● **What you should do**
I'd like an exact copy of only the lines from the start of the listing below through the line that holds "Number 3, we". Please keep the pictures out.

● **Source information**
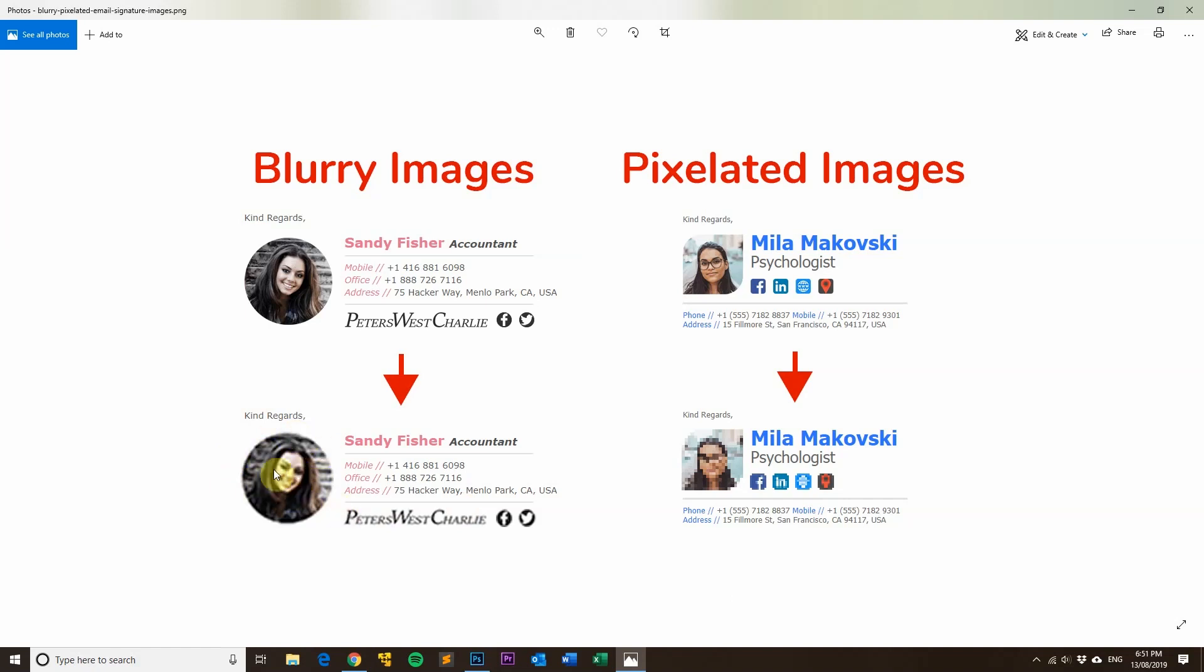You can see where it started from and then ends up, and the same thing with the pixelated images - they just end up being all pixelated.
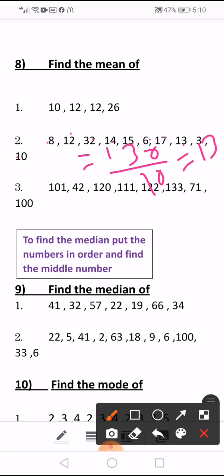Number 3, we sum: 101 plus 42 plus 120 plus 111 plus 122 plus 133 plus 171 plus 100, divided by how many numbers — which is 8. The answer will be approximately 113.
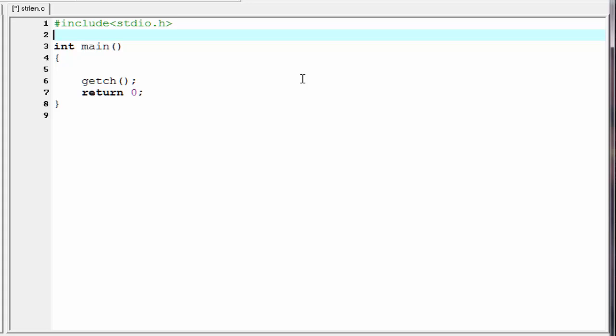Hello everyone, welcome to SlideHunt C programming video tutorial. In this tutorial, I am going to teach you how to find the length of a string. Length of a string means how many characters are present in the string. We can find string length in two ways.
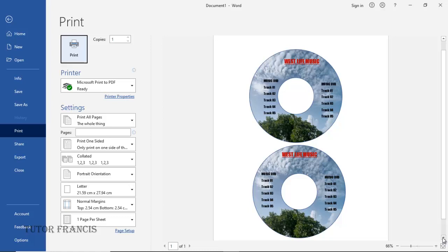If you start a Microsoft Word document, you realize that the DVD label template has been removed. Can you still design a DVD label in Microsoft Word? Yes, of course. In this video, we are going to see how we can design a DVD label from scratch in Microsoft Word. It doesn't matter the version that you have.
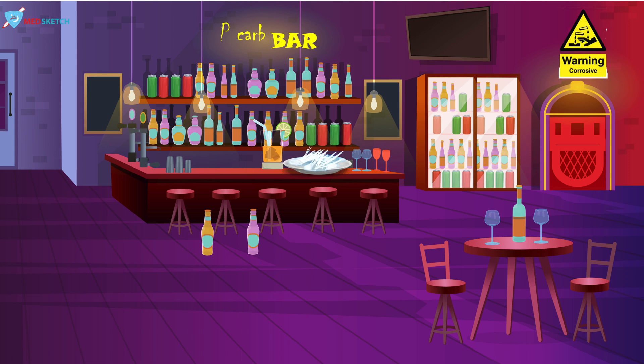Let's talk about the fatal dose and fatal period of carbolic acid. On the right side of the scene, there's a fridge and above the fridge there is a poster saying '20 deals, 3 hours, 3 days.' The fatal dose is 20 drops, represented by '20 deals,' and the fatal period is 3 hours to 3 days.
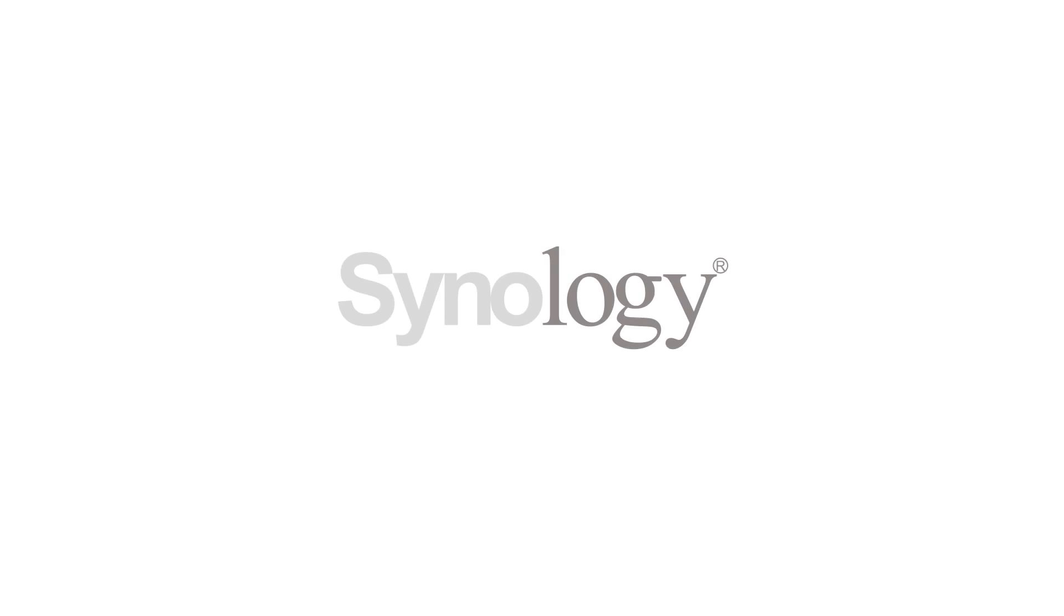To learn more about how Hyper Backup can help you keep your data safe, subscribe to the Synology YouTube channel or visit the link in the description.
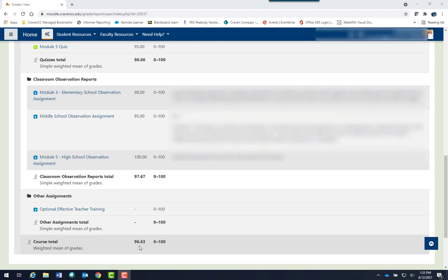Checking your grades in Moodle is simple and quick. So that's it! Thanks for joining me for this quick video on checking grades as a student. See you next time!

● **Result for this exercise**
You can see where it started from and then ends up, and the same thing with the pixelated images - they just end up being all pixelated.
Number 3, we sum: 101 plus 42 plus 120 plus 111 plus 122 plus 133 plus 171 plus 100, divided by how many numbers — which is 8. The answer will be approximately 113.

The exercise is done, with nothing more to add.